Sunday, June 11, 2006

Jeremy Taylor's Doctrine of Eucharistic Presence

I just came across this very insightful paper on Jeremy Taylor's doctrine of Eucharistic Presence, which argues for a continuity of Anglican thought from Cranmer and Hooker thru Andrewes and Taylor. I'd love to hear some feedback. Enjoy!


Pontificator said...

You may find my blog article Jeremy Taylor on the Real Presence of interest.

Steve Blakemore said...


Thanks for the link. It helped me think about a couple of things regarding Wesley's views. The concept in Anglicanism of the Spiritual presence was certainly an underpinning of the way that Wesley view the real presence. He argued for the real presence as differentiated from the "physical presence" as follows.

IN the Ascension the humanity of Jesus is united to the Godhead. Hence, the human virtue of Christ's life is united to the Holy Spirit, without being confused. The oneness of the Triune God demanded this thought, he believed. Further, he claimed, therefore, that the Holy Spirit's presence at the liturgy and in or with the Eucharist's bread and wine meant that the power and vitality and virtue of Christ's human life could be communicated to us via the Eucharist. Christ was made to be spiritually and really present. But what was unnecessary was the physical change.

I shall have my Methodist students read the article you posted to so that they can understand the tradition that gave birth to Methodism and which most Methodists have abandoned in favor of memorialism. More's the pity for my tribe as a result.

lexorandi2 said...

Thanks Pontificator! And congratulations on the three blog awards. They are rightly deserved!


Anonymous said...

I feel like I have a nice Anglican library now being that I own a complete copy of his works!
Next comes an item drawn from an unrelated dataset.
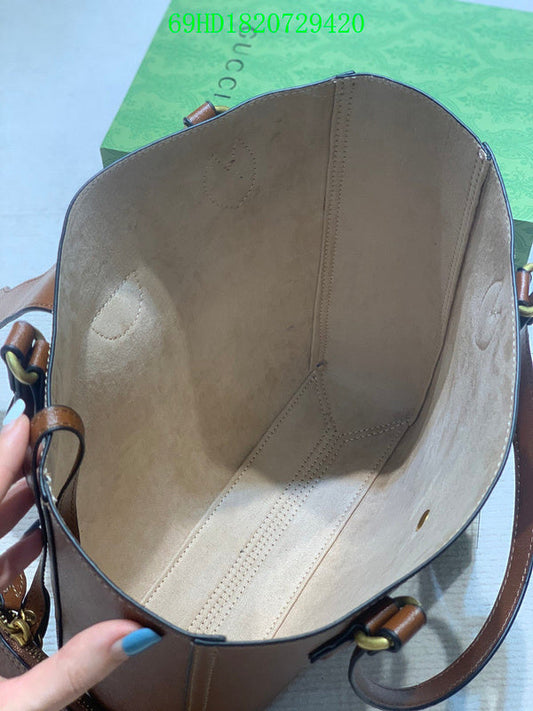 Gucci Bags - The Tote 507
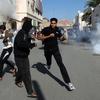Protests Erupt in Libya, Continue in Region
I like a lot of what he said and not much of it was new to my thinking. Though Andrewes does tend to a more vocal position on eucharistic sacrifice and its propitiatory nature. I'll have to read Ponti's blog article later; it's 12.05 am and 5.30 is just around the corner!

Mark said...

This paper provided me with a couple of terrific quotes for a writing project I was working on last year. ( Unless I'm greatly mistaken, Lee Nelson is now a priest serving in the Diocese of Ft. Worth, under Jack Iker ).

Overall ( now that's a pretty decent joke! ), it succeeds handsomely in demonstrating the conceptual overlap between Cranmer and younger Anglican divines, with greater theological acumen.